Он легко поступил в институт. Он все верно рассчитал. И начал делать комсомольскую карьеру.
На первом комсомольском собрании сам предложил себя комсоргом группы. На него косо посмотрели сокурсники: в свободомыслящей студенческой среде комсомол как верный помощник и резерв партии не пользовался популярностью. Но Виталию на косые взгляды было наплевать. Он поставил перед собой Цель. И он ее достигнет, чего бы это ни стоило.
На втором курсе Виталий Клевцов стал комсоргом курса.
На третьем — комсоргом факультета и членом КПСС.
На четвертом — комсоргом института и попал в номенклатуру райкома партии.
О-о-о! Теперешние молодые не знают, как сладко попасть в номенклатуру райкома. А после стать инструктором райкома… Как приятно появляться «на предприятиях и в организациях», где парторги ломают перед тобой шапку и всячески стараются услужить! Как хорошо обрастать связями с большими и нужными людьми!..
Был, конечно, в такой карьере свой минус. Уж очень много приходилось прогибаться.
И иной раз прогибаться очень круто. И начальство парить веничком в баньке, и водочку за столом раскупоривать и разливать. Кое с кем из немолодых партийных активисток и переспать пришлось. Не из любви. А из партийной необходимости. Но… любишь кататься, люби и самочек возить, пошутил как-то большой начальник, сделавший себе хорошую карьеру не головой, а совершенно другим выдающимся органом.

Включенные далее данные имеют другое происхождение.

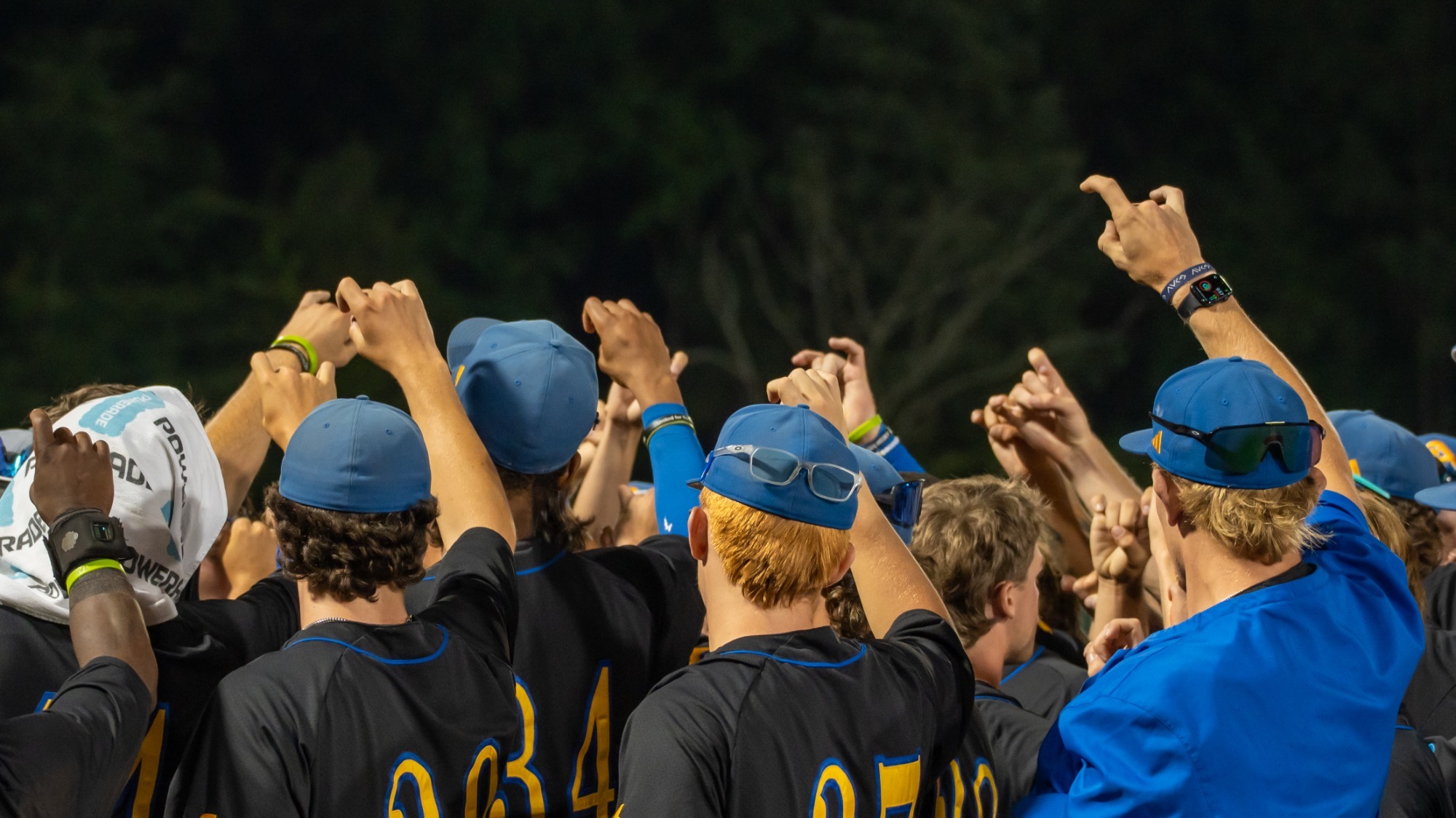 Huddle Ram Horns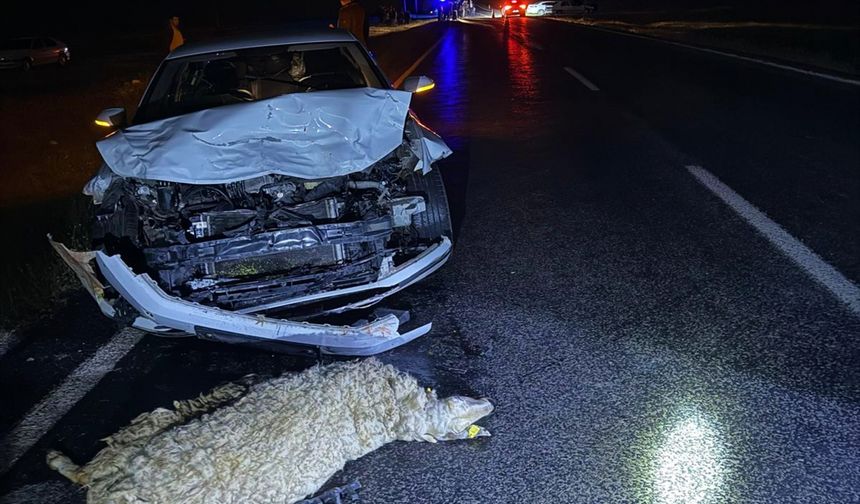 Siverek'te otomobil koyun sürüsüne çarptı: 3 kişi yaralandı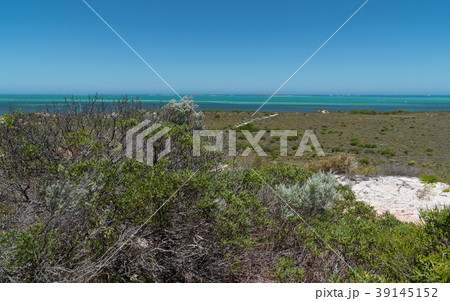 Coast, Cervantes, Western Australia 39145152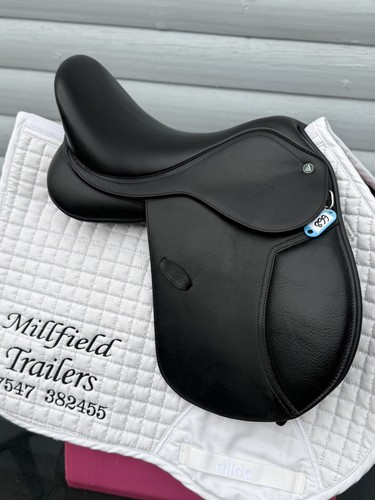 Inch black arena pony all - arena,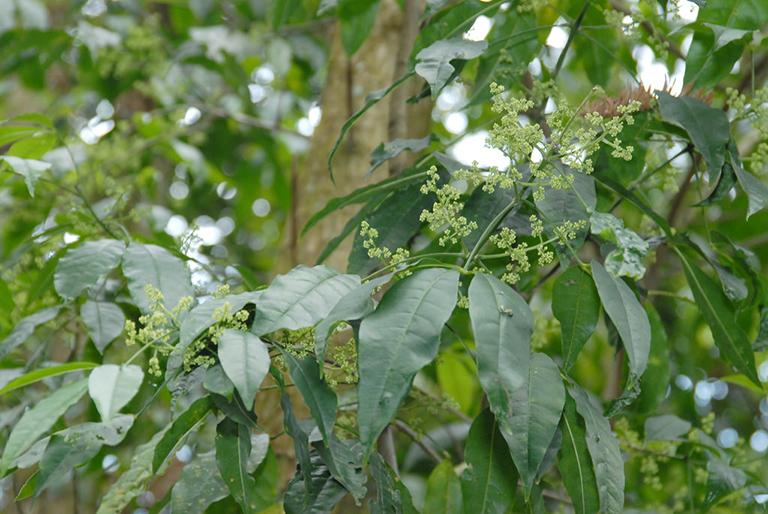 cây ba chạc chữa ghẻ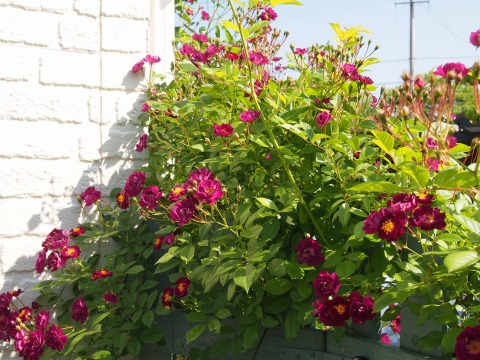 c0117007_2283667.jpg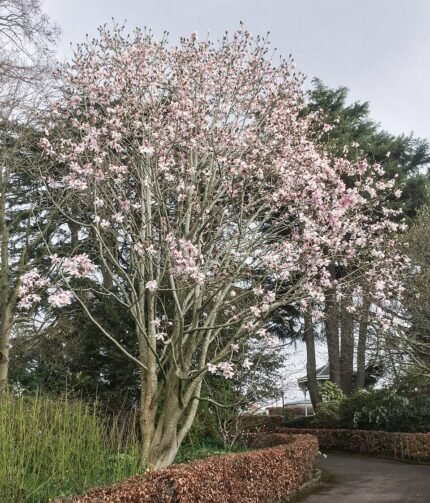 Prachtige witte bloemen van Magnolia dawsoniana.
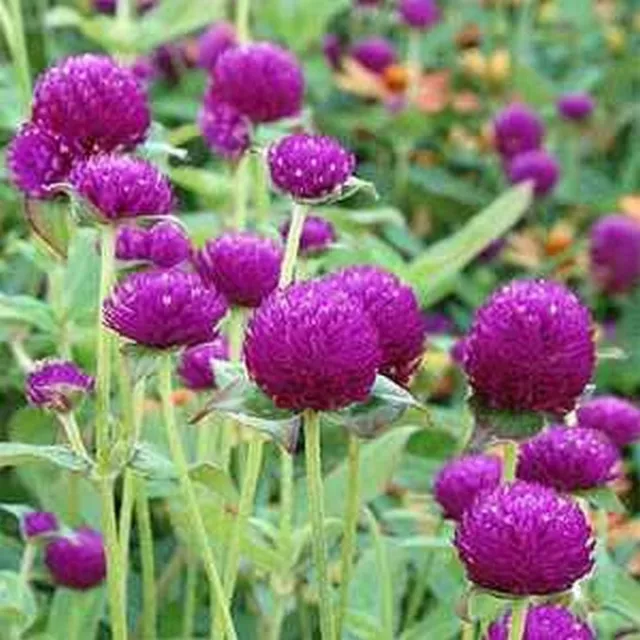 Gomphrena- Purple- 50 Seeds - - BOGO 50% off SALE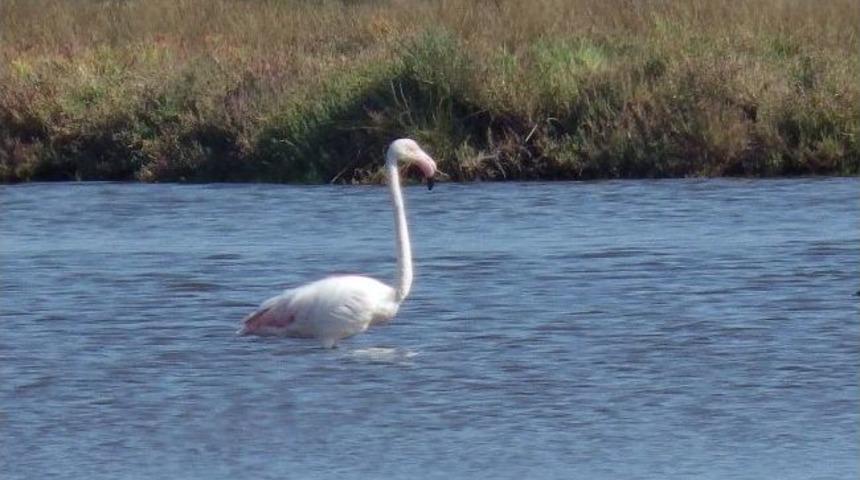 &Ccedil;ardak Lag&uuml;n G&ouml;l&uuml; Flamingolara Ev Sahipliği Yapıyor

Ничто человеческое, как говорится…
Виталик стал Виталием Петровичем, солидным мужчиной при костюме и галстуке. У Виталия Петровича появилась своя квартира, небольшая, но двухкомнатная и в хорошем районе. Холодильник всегда был полон. Стали доступными всяческие невинные мужские шалости: партийные сауны с вином, пивом, бассейном и молодыми партийно-комсомольскими работницами.
И тут грянула перестройка, гори она огнём! И этот пятнистый Горбач вместе с ней, сволочь! «Партия, дай поручить!» — заорали эти вшивые демократы. Партии, конечно, руль отдавать не хотелось. Да его уже наперебой рвали из ее рук. Она слабо цеплялась, но ручонки были уже не те.
Из партийных комитетов всех уровней все, кто поумнее, начали плавно перетекать в рай-, гор- и другие исполкомы, куда уже уходила хозяйственная власть.
А Виталий Петрович Клевцов лопухнулся. Или как там еще говорят? Облажался. Да, облажался Виталий Петрович. Обида взыграла.
А на что обида? А на то, что с недавних пор понял Виталий Петрович: он почти уже дорос до своего карьерного потолка. Для дальнейшего роста требовались связи. И далеко не того уровня и силы, что наличествовали у него.